YOUR ASSIGNMENT. Would you retype the lines from the one that holds "Verbatim 65066 Over-ear" to the final line of the entries below, both ends included and exactly as written, but without pictures?

[Records contained in a dataset]
Content starts

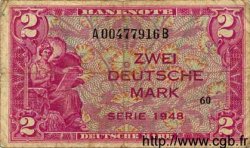 2 Deutsche Mark ALLEMAGNE FÉDÉRALE  1948 P.03a B+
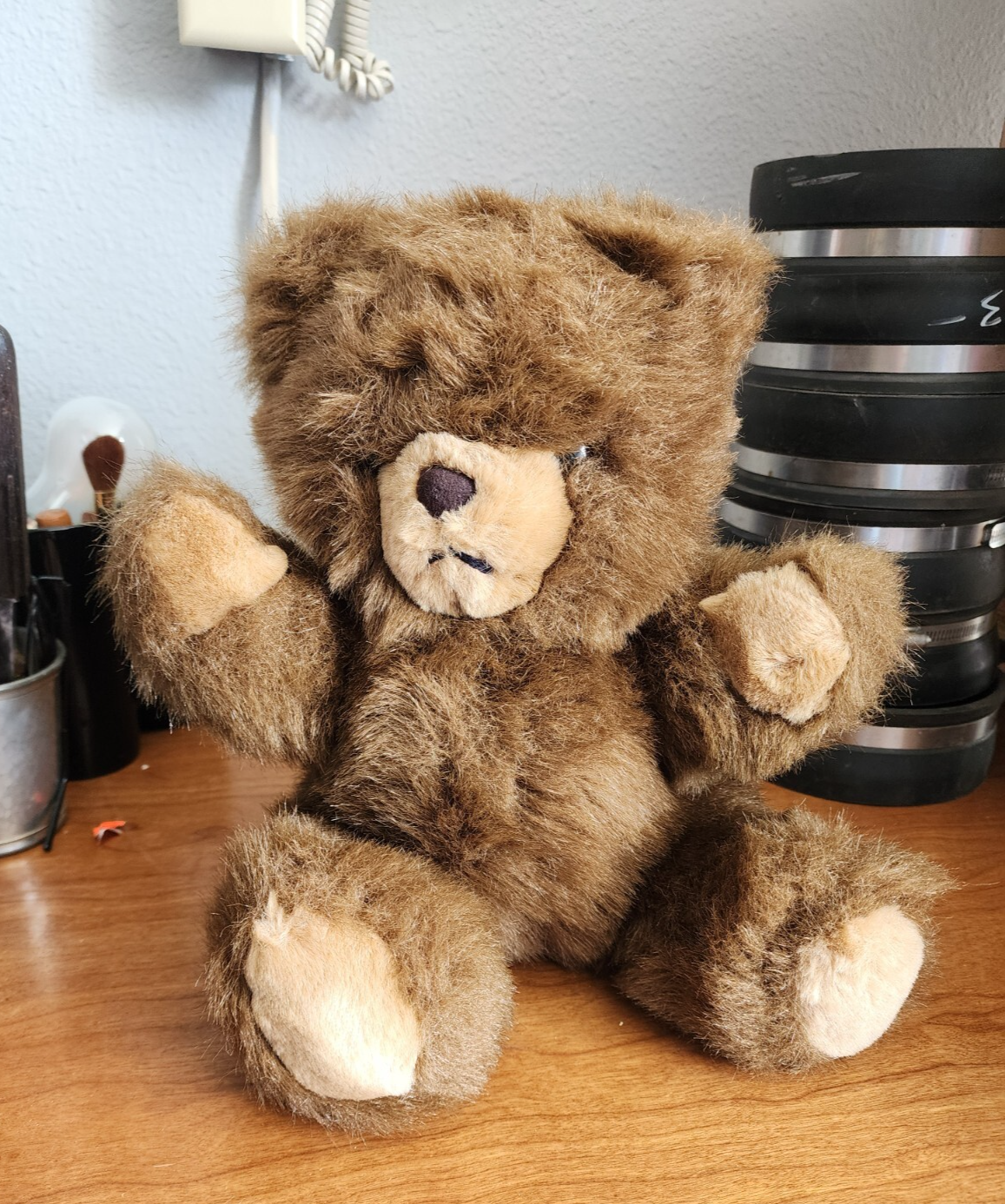 Vintage 1985 COMMONWEALTH Plush Brown Teddy Bear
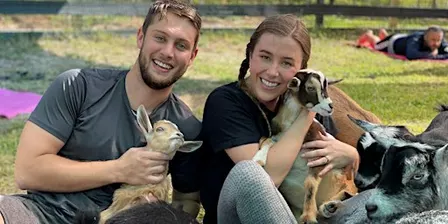 Fun Goat Yoga with Baby Goats, Farm Tour, Unique Attraction in Palm Beach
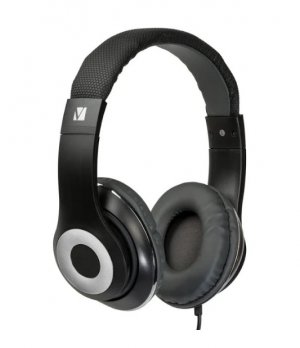 Verbatim 65066 Over-ear Classic Audio Headphones - Blac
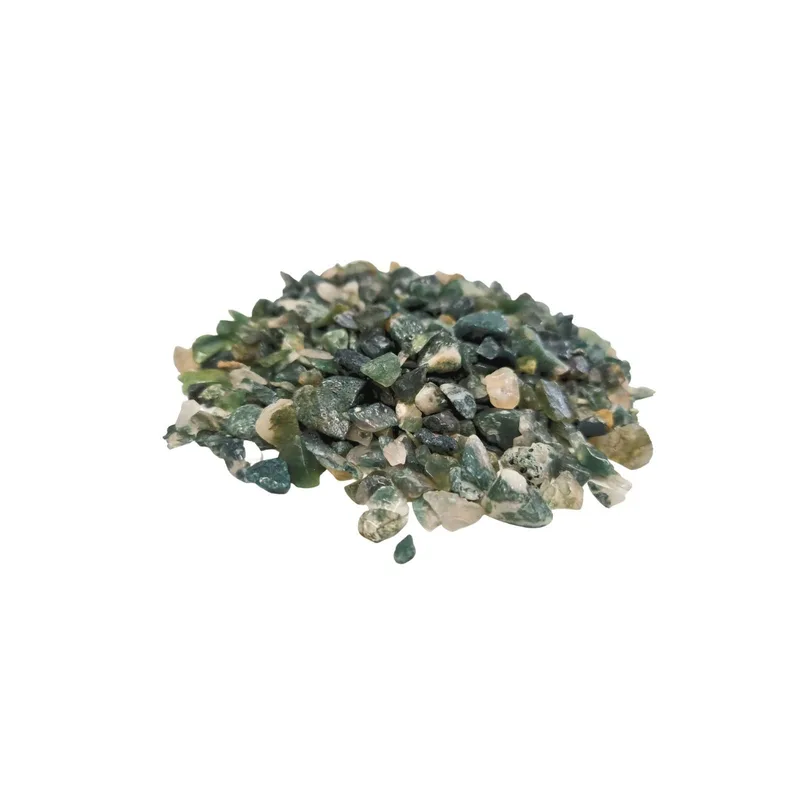 Moss Agate Gemstone Chips Bulk 1KG — foto 1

Content ends

ANSWER SECTION.
 Verbatim 65066 Over-ear Classic Audio Headphones - Blac
 Moss Agate Gemstone Chips Bulk 1KG — foto 1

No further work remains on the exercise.